>The reason I embarked on D is because C and C++ were too reluctant to move forward.
I just want to take this opportunity to say thank you. While D may not taken up from the rest of the world. It has surely lived on in C, C++ and many other languages. Still wish more people would use Das C.
Do you think you will keep moving forward for the next decade or will you merge when c/cpp becomes similar enough to D ? Maybe your group still has tons of ideas that need their own space to grow.
The ideas for advancing D come thick and fast. C and C++ will never merge with D, because we have different philosophies of what makes for a great programming language.
For example, D will never have a preprocessor. Or over my dead body :-/
I see revision after revision of Standard C++, and no progress in that direction. I (along with Andrei Alexandrescu and Herb Sutter) made a proposal to add D's static if feature to eliminate the need for #if.
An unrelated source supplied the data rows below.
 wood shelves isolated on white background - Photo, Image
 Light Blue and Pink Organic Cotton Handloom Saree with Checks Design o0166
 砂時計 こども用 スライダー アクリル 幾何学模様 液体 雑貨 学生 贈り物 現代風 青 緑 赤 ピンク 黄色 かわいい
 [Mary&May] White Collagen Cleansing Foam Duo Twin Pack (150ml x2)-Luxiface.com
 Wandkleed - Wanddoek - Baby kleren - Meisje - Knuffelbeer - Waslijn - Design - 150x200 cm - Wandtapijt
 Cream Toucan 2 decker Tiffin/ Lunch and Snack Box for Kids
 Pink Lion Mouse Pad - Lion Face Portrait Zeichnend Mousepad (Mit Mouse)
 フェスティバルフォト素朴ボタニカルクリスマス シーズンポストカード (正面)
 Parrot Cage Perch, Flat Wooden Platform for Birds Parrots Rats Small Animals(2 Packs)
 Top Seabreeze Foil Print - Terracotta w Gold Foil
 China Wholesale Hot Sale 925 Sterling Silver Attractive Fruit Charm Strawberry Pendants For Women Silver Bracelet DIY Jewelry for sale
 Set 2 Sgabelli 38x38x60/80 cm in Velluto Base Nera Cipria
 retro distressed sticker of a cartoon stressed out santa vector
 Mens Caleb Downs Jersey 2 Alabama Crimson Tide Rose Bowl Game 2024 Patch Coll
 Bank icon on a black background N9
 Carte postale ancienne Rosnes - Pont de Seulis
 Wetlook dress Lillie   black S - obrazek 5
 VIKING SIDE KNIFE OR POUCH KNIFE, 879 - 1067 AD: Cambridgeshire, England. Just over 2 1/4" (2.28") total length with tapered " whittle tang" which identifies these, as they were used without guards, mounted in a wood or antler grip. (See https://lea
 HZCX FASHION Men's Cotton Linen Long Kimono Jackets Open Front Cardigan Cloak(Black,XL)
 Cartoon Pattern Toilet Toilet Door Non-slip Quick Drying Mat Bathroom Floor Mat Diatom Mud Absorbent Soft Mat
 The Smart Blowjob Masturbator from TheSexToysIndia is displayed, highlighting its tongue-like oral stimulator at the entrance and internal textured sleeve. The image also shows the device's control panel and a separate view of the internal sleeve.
It was vehemently rejected.
There's active work going on to add pattern matching. Just recently I completed the addition of move constructors. They are different from C++'s, and I bet they'll turn out to be much better.
D had compile time execution of functions in 2007.
Order-independent top level declarations.
Underscores embedded in integer literals. (I stole this idea from Ada, which had been forgotten. Soon after D popularized it, it became standard in other languages.)
Continue or break to labeled loop.
Fixed sizes for ints, longs, etc.
Of course, I don't know if there's a straight line here, and Zig is welcome to use any features from D that they like. But it's just interesting that things innovated in D pop up in subsequent designs.
Perl had this years before D even existed [1]. Given its earlier age and higher reach, it's likely that Perl did more to popularize the idea as well.
> Continue or break to labeled loop.
Also a feature that Perl had years before D's existence [2].
These two are the ones I immediately recognized because of my familiarity with Perl, but given the trend, I'm doubtful of the other claims as well now.
I did not know Metaware and Perl did this, as I've never used either. I know that my inspiration for it came from Ada.
I accept that Metaware and Perl did this before D. But I still claim that adoption of it in other languages came shortly after I popularized it in D, as I included it in many presentations about it.
Javascript has had this for functions since 1995. This has been part of zig from the start, not added later.
> Fixed sizes for ints, longs, etc.
this has existed in stdint.h since C99. It doesn't take a genius, only years of pain with C/C++, to realize this is the better way to do things. And also, this was in zig from the start, not added later.
> Underscores embedded in integer literals
Also in zig from the start, not added later. Others have commented on the provenance.
I could be convinced that continue/break to labels was inspired by D.